Chapter 36 focused on I/O devices and the specifics on how the OS interacts with input/output hardware. The hierarchical bus design contains quicker devices such as the memory bus close to the CPU, while slower ones such as USB are situated in the peripherals further away from the CPU. Per the canonical device model, the hardware interface contains the status register, command register, and data register. Internals might include the CPU, memory, and hardware-specific chips. I/O protocol typically goes as follows: poll the device until ready, send the data, send the command, and poll until done. However, polling wastes CPU cycles for slow devices. In order to improve efficiency, interrupts allow for the device to signal the OS when it is done, which is better for slow devices but can actually be worse for fast ones due to context switch overhead. Using hybrid polling along with interrupts allows for brief polling, then the use of interrupts. Direct memory access (DMA) offloads data transfers from CPU to the DMA engine, thus freeing the CPU for other tasks. 

Chapter 37 delved into hard disk drives structure and performance factors. The interface of which is an array of numbered 512-byte sectors, with only single-sector writes guaranteed atomicity. Physically, the structures consist of platters with magnetic surfaces, tracks of concentric circles of sectors for each surface, and a disk head on an arm that can move between tracks. The time spent waiting for a desired sector to rotate under the head is referred to as rotational delay, moving the head to the correct track is called seek time, and reading and writing once the head is in place is known as transfer time. For optimization, the text recommended track skewing to align data across different tracks, zoning outer tracks to have more sectors, and on-drive caches. The I/O time equation is key for this week's learning: TI/O= Tseek + Trotation + Ttransfer

Chapter 39 explained the abstraction and interface of files and directories in UNIX-like systems. Files are linear arrays of bytes with low-level IDs (known as inodes), and the OS stores them without interpreting the contents. Directories, on the other hand, map human-readable names to inodes and form a hierarchy starting at /. Some key system calls include open() with O_CREAT to create, read(), write(), close(), and lseek() to change current file offset. File descriptors are per-process integer handles to open files that point to system-wide open file table entries. The open file table tracks offset, permissions, and the inode pointer. Offset management grants sequential access updates that offset automatically. fork() and dup() can make processes share file table entries.

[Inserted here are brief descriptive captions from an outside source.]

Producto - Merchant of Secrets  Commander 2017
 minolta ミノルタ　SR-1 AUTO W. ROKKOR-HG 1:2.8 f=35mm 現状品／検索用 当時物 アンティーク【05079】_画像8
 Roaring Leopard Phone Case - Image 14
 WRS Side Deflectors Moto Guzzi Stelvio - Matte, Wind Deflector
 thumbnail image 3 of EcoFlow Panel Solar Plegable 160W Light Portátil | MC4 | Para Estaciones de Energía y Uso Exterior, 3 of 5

Chapter 40 introduced vsfs to illustrate core file system concepts. The on-disk layout contains the superblock (file system metadata), bitmaps (track free vs. allocated inodes and data blocks), inode table (array of inodes), and data region (stores file contents). Inodes are important as they store file size, ownership, timestamps, permissions, and block pointers. Direct pointers, of course, point directly to data blocks. Indirect pointers point to blocks that contain more pointers. The file access flow begins with a system call, locates the inode, follows block pointers, and reads the data blocks. Some design trade offs include pointer-based being flexible, although metadata-heavy, and extent-based being compact but much less flexible if the disk is fragmented.